It seems like te stupidest thing to me. Why are you going to attack someone who has politely asked you and/or your child to behave themselves or at least stop actively doing something harmful
Why the hell would they disincentivize their kids when someone has just given them an out to have a teachable moment and possibly nudge their kid behave better and possibly for the parent?


I don’t know the situation, but are those her actual words or are you just guessing at her motives?
It might not have anything to do with you. Some of that sounds like it could be desperation. Possibly “I know he’s an asshole, but I’ve tried everything and he just keeps doing it! Why even bother?” add in some defensiveness because she’s feeling like a failure of a mom while you two are having the conversation about the behavior problems, and it could very well sounds like she’s angry with you.

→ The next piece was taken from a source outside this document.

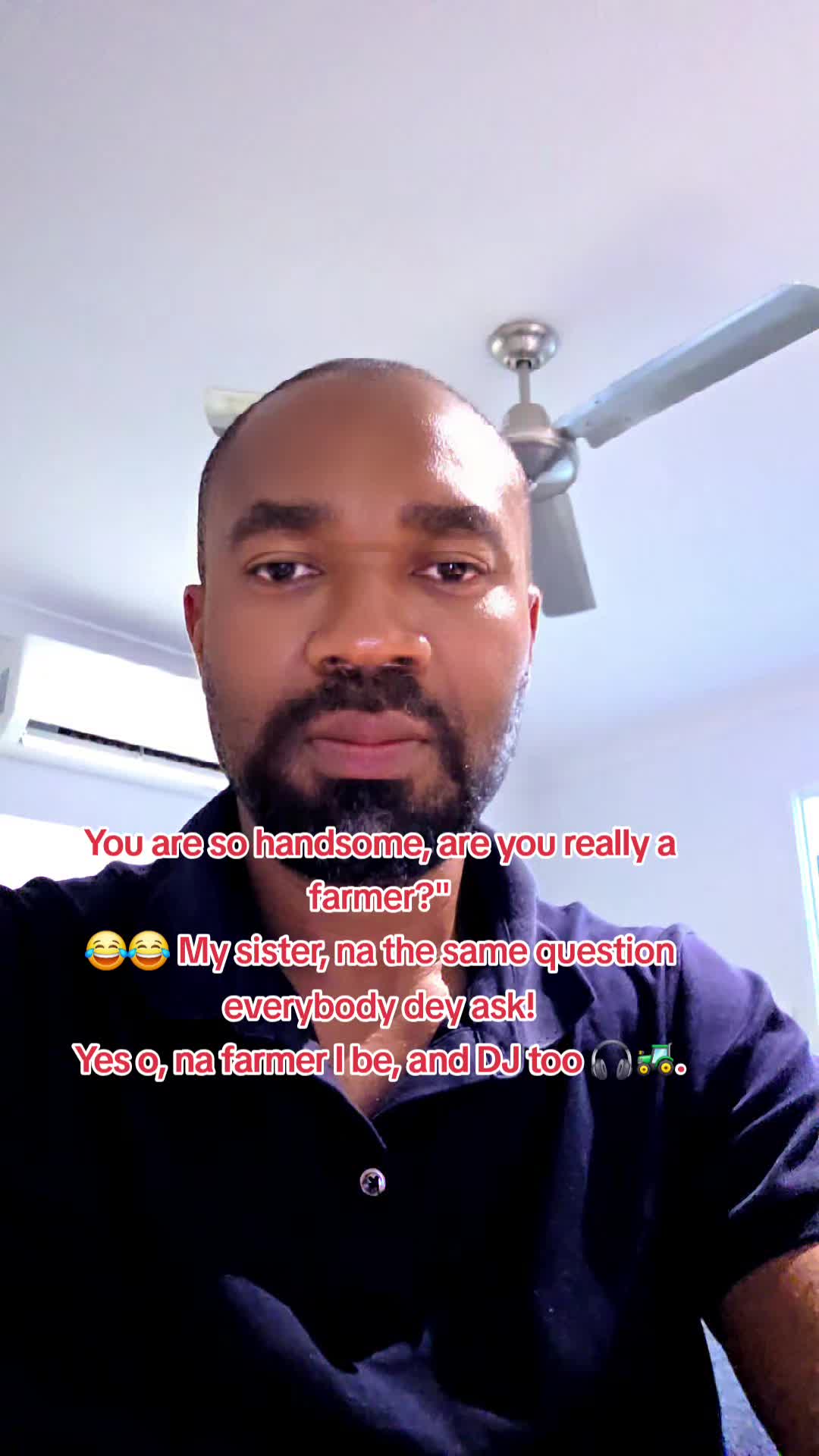 @DJFAZZ 🇳🇬🇦🇺🇫🇮🇬🇲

Like I said, I don’t know, but no point in adding hostility where there could be teamwork.
There cant be collaboration, I need it to stop and she will actively fight for her children to use the hallway in all the same ways as a playground. She has agency here but she uses all that agency and energy to snap against someone who is just the messenger pointing out to her children (not even her at first) that they need to stop and quiet doen
She did say then move but ive captured her defiance perfectly. She literally sounds and looks like that fussocky toadperson in Schitt’s Creek who shows up to the store’s opening and when David asks her who she is, she ends with a hard “Who the FUCK are you?”